Learning about your fears of intimacy, as well as about control issues that may surface with a primary partner, can lead to much personal growth — enhancing your ability to love. The more you learn to take responsibility for your own feelings — learning to love yourself, cherish yourself, make yourself feel special and valued — the more you may want a relationship in order to share your love rather than to get love. Contrary to what many believe, it’s not the getting of love that takes away loneliness, but the sharing of love.
The most profound and beautiful experience in life is the sharing of love. But we can’t share our love unless we are filled with love. When we learn to fill ourselves - with presence, with love from nature, spirit, the energy of the universe or whatever that is for each person — then we come to our partner with inner fullness rather than with inner emptiness. Rather than needing a partner to complete us, we desire to share our completeness with our partner.
When two people come together to get love rather than to learn, heal and share love, there is a strong possibility that their relationship won’t last. With both partners trying to get loved and filled by the other, and neither one having learned to love and fill themselves, each will ultimately be disappointed.
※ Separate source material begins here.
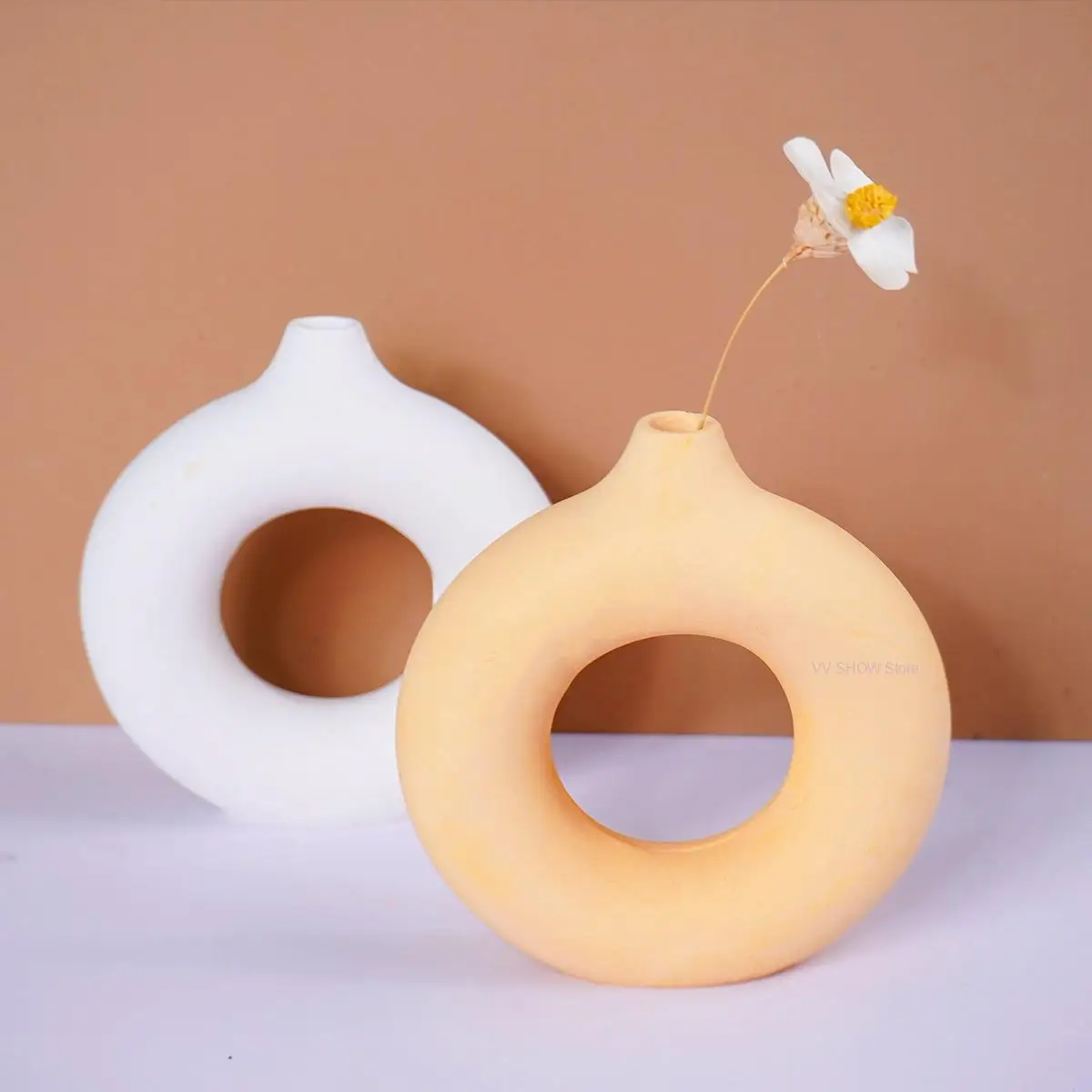 Donut Vase Mold Handmade Nordic Style Round Flower Pot Gypsum Ceramic Silicone Mold Casting Flower Pot Home Minimalist Decor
When two people come together because they want to learn together, grow together, heal together, share their time and companionship, and share their love and passion, they have a good chance of creating a lasting, loving relationship.
When these people are asked why they want a relationship, they say:
I want to learn and grow with someone who also wants to learn and grow.
I have a lot of love to give and I want to share it with a partner, who also has a lot of love to give. Possibly, we might want to have children with whom to also share our love.
I want to share time, companionship, lovemaking, laughter and play with someone with whom I feel deeply connected.
If you tune inside and honestly ask yourself why you want a relationship, and you find yourself on the first list rather than on the second, do not despair. You can learn how to love yourself and fill yourself with love so that you have plenty of love to share with a partner.
It’s important to realize that we attract people at our common level of health — which is the level of taking personal responsibility for our happiness and wellbeing — or at our common level of self-abandonment — which includes making someone else responsible for our feelings. Given this reality, you have a far better chance of creating a healthy and loving relationship with a partner when you have a healthy and loving relationship with yourself.